What to work on:
The output has to be the full set of records, reproduced exactly, minus any picture.

Available records:
++++++++++
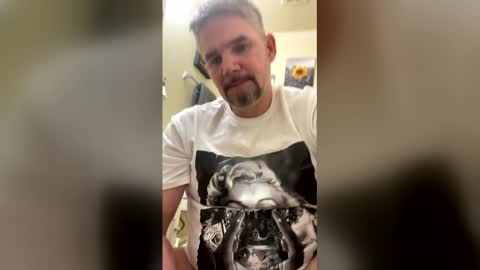 Snapshot of nre321985 chatting on 12, 3, 2026 nre321985 online show from 12, 3, 2026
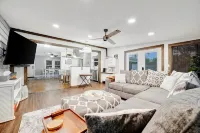 Outdoor Poolside Family Oasis - Historic Bradenton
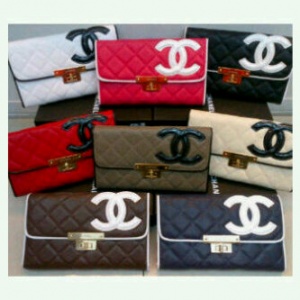 Dompet Calvin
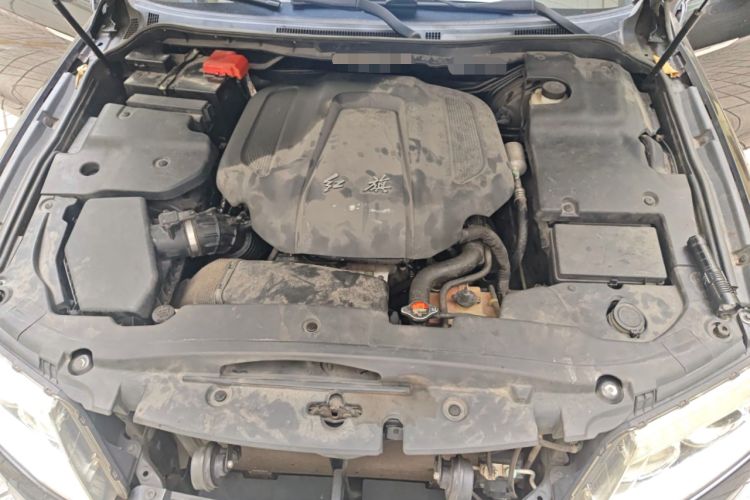 Used Hongqi H7 2015 2.0T Technology Model Engine Bay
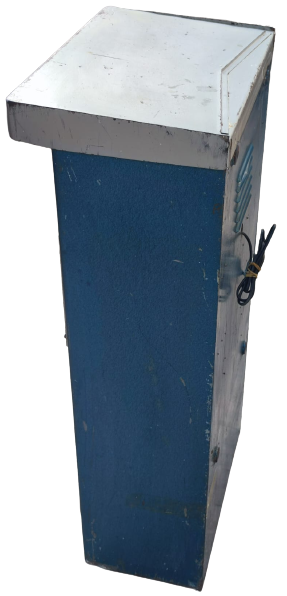 1920 LUMET ZİGARETTEN  AUOTOMAT METAL GÖVDE  BEŞ CEŞİT SİGARA SATIŞI SUNAN 2 MARK İLE CALISAN OTOMATİK  SIGARA SATIŞ MAKİNESİ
++++++++++
Result of the task:
 Snapshot of nre321985 chatting on 12, 3, 2026 nre321985 online show from 12, 3, 2026
 Outdoor Poolside Family Oasis - Historic Bradenton
 Dompet Calvin
 Used Hongqi H7 2015 2.0T Technology Model Engine Bay
 1920 LUMET ZİGARETTEN  AUOTOMAT METAL GÖVDE  BEŞ CEŞİT SİGARA SATIŞI SUNAN 2 MARK İLE CALISAN OTOMATİK  SIGARA SATIŞ MAKİNESİ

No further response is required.